I am just getting started with inlay. I ordered some veneer from Woodcraft, and it seems REAL thin to me. I would say it is about 1/32" thick. Is this what most people use for inlay work? Can I cut and glue some of this veneer together to make it thicker? Also where can I order veneer for inaly that might be alittle thicker than this? As you can tell I am new to this, but I would like to get this right if I can. This looks like it can be fun, I hope. Thanks

Dale


----------



## CharlieM1958 (Nov 7, 2006)

Dale, you really don't need it to be any thicker than that. When you rout the groove for the inlay you just need to experiment with scrap to get the depth setting just right so that when you glue the inlay in, it only protrudes a hair above the surface. Then you can easily sand it flush.

If you are working with a relatively small project you can also rout the groove a little deeper, so that the inlay sits just below the surface, then sand the surface down to meet the inlay. This is a lot more labor intensive, but it reduces the chance of sanding through the inlay.


----------



## Ger21 (Oct 29, 2009)

You can get thicker veneers at http://www.certainlywood.com but I think they have a $100 minimum.


----------



## jusfine (May 22, 2010)

Dale, I make my own inlay, will have some photos posted soon on my workshop links.

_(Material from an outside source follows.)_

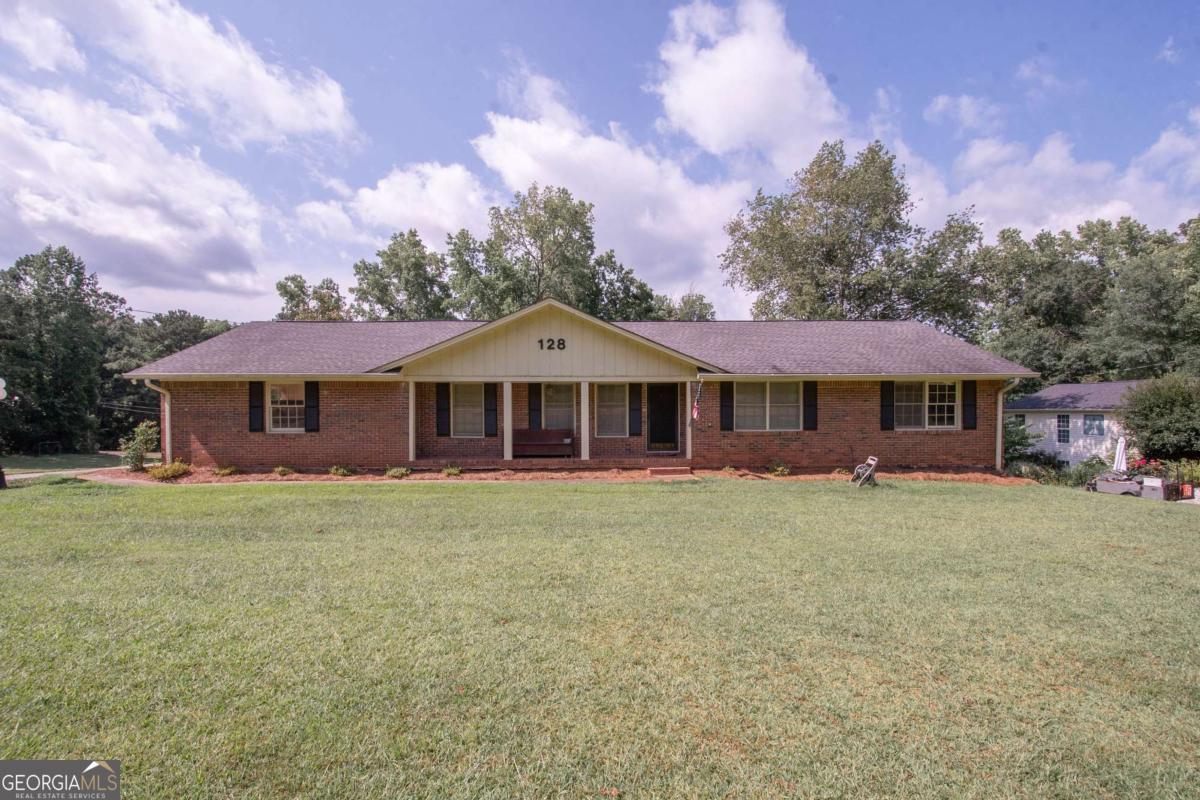 Great 4 sided brick home on quiet street overlooking the large, partially fenced yard. Inside features open living areas with separate dining room, large eat in kitchen and laundry/utility room. 3 good sized bedrooms, master has ensuite bath. An additional bath makes up the main floor. Downstairs, the basement has been finished, with brick fireplace and large living/game area, as well as room for an additional bath. Also, there is a separate, spacious shop area with workbench, and garage door leading to outside, great for storing lawn equipment. This is an amazing home that is move in ready for you! It has new paint, carpet, and new central heating and air!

I typically make mine 3/16 as I also do not like it so thin, and one little bump under the belt on the drum sander, and you are sanding right through it.


----------



## Randy63 (Jun 25, 2010)

Hi Dale, 
If you're just getting started with veneering and inlay I think you're in for a great experience. Veneers of that thickness are quite normal these days and in fact many are even thinner, 1/42" to 1/50". There are still a few sources or finds out there of thicker veneers of 1/16" or thicker. And of course you can always sawn your own if you need something special.
The thinner veneers are still quite usable for both veneering and inlay. If you're using for inlay or to make your own bandings you may have to lay up more thicknesses to get the thickness you want, but the glue lines don't show so it's no big deal. 
Viewing CharlieM1958's work I certainly can't argue with his methods, but I was taught to lay inlay or bandings a bit proud of the suface and carefully sand the inlay down till flush with the surface. With any inlay and veneering with 1/42" material you have to have the substrate carfully leveled and when sanding use a light hand. The end result is all that matters. It's not that complicated, anyone can do it. Regardless of your method of veneering though, be sure to veneer both side of the substrate with the same thickness of veneer.
Good luck and enjoy!
Randy


----------



## antieuclid (Feb 6, 2010)

I cut all my own inlay, and usually cut it to about 3/64-1/16". If you've got a decent bandsaw, I highly recommend cutting your own. You can adjust the thickness to your own personal preferences, and it opens a whole new world of never being able to throw out scraps ^_^


----------



## kolwdwrkr (Jul 27, 2008)

it really depends on the complexity of the project. It's very difficult to cut thicker veneers into very detailed pieces, say for a marquetry pattern. So the thinner the veneer, the happier the worker, and the easier the project. I've been doing inlay work for quite a while now, and I tend to look for thinner veneers for the intriquite work and thicker veneer for the back grounds. Of course that is if I am inlaying. I use the same thickness of veneer when applying to a substrate, and apply it to the front and back. It's all relevant to how you are building your project. Good luck and happy woodworking


----------